== ENTRIES PROVIDED ==
====
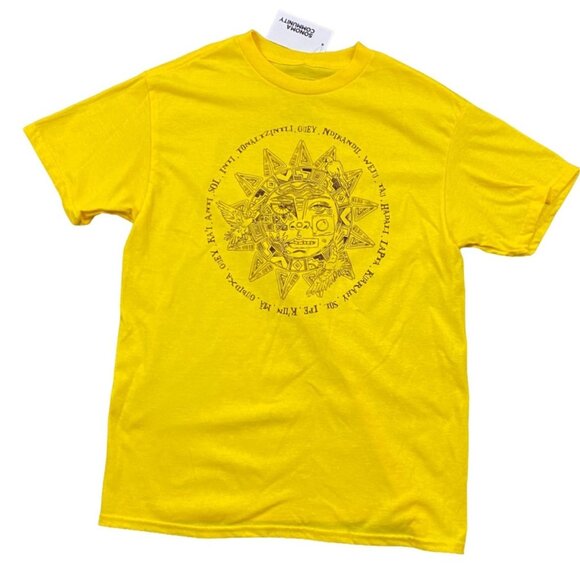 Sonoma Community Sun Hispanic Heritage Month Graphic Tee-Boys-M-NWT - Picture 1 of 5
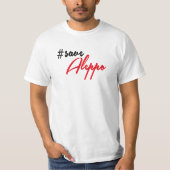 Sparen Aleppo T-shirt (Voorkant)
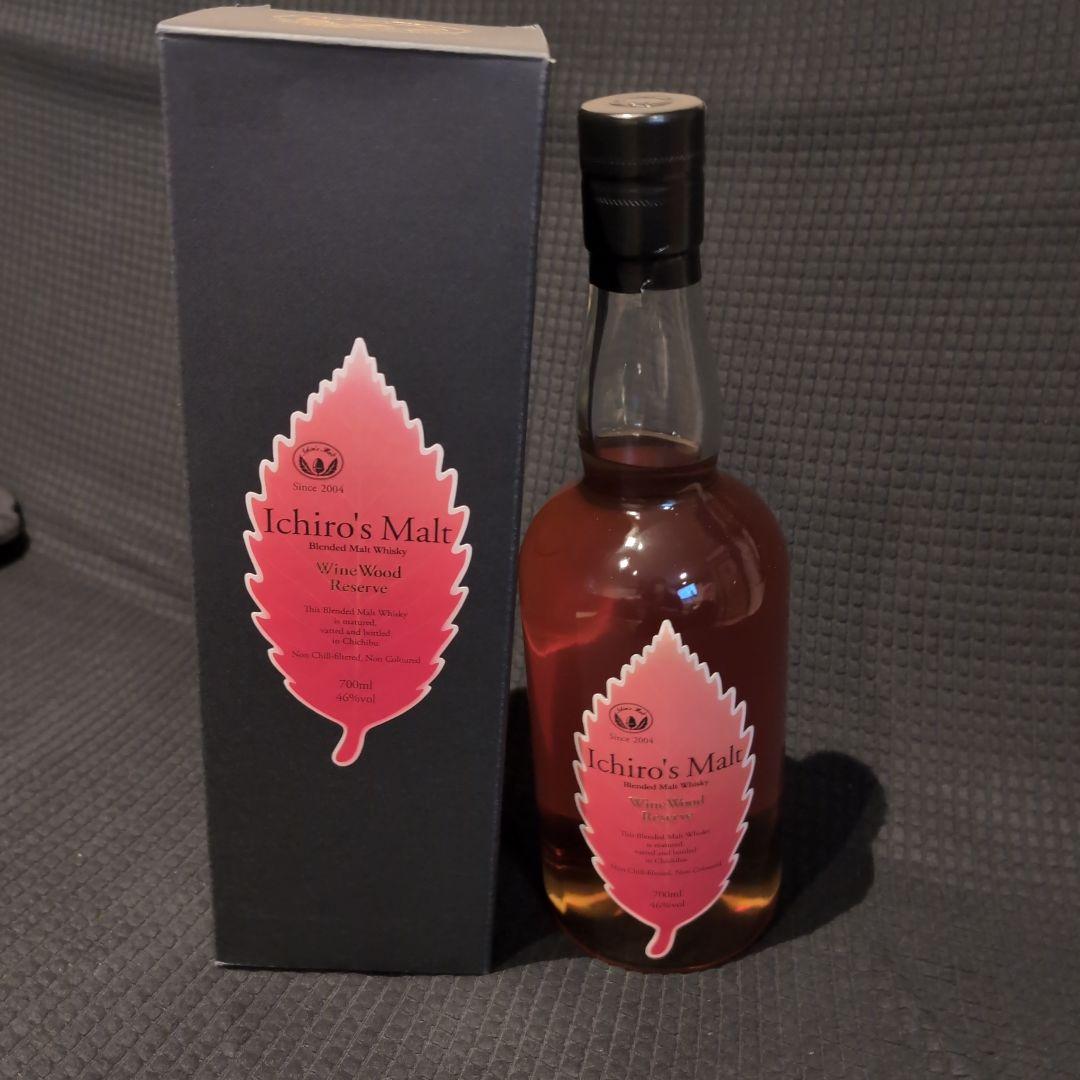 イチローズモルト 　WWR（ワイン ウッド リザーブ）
====
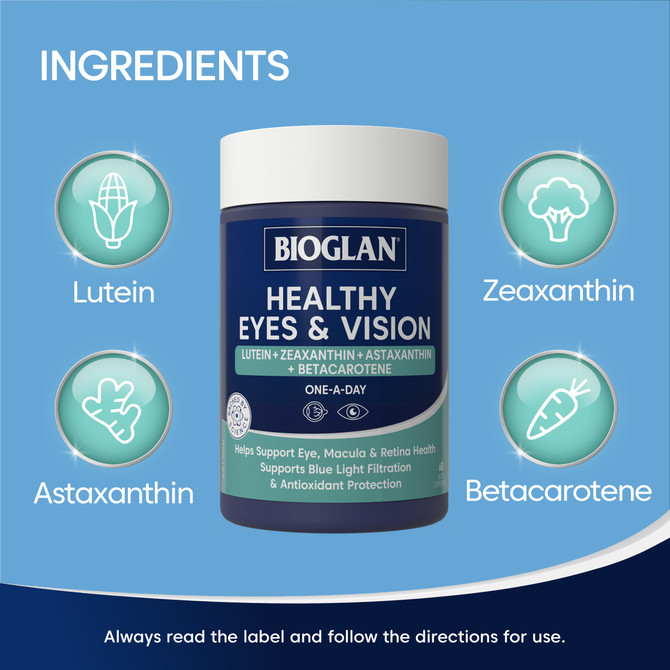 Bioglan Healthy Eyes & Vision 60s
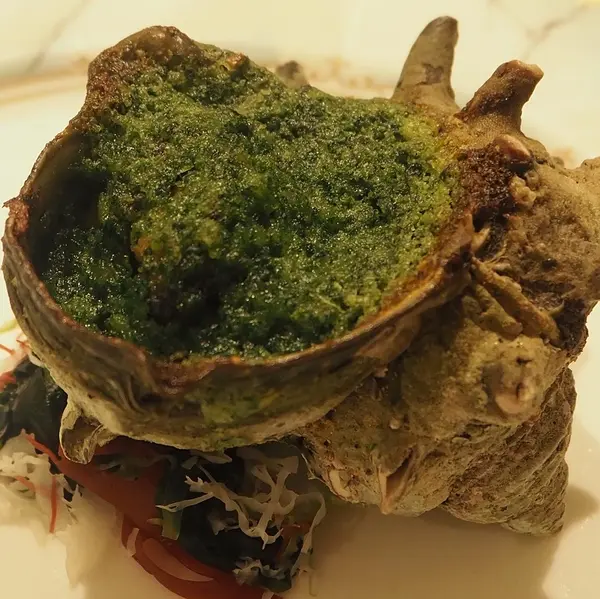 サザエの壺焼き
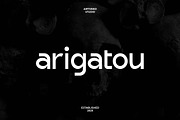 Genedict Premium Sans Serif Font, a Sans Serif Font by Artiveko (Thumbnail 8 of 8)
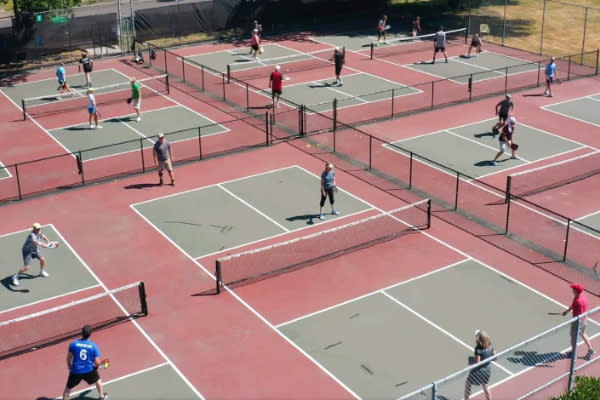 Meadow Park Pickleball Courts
====
Could the stretch from the line with "Sonoma Community Sun" through the line with "イチローズモルト 　WWR（ワイン ウッド リザーブ）" in the listing above be restated word for word, minus the pictures?

== EXPECTED OUTPUT ==
 Sonoma Community Sun Hispanic Heritage Month Graphic Tee-Boys-M-NWT - Picture 1 of 5
 Sparen Aleppo T-shirt (Voorkant)
 イチローズモルト 　WWR（ワイン ウッド リザーブ）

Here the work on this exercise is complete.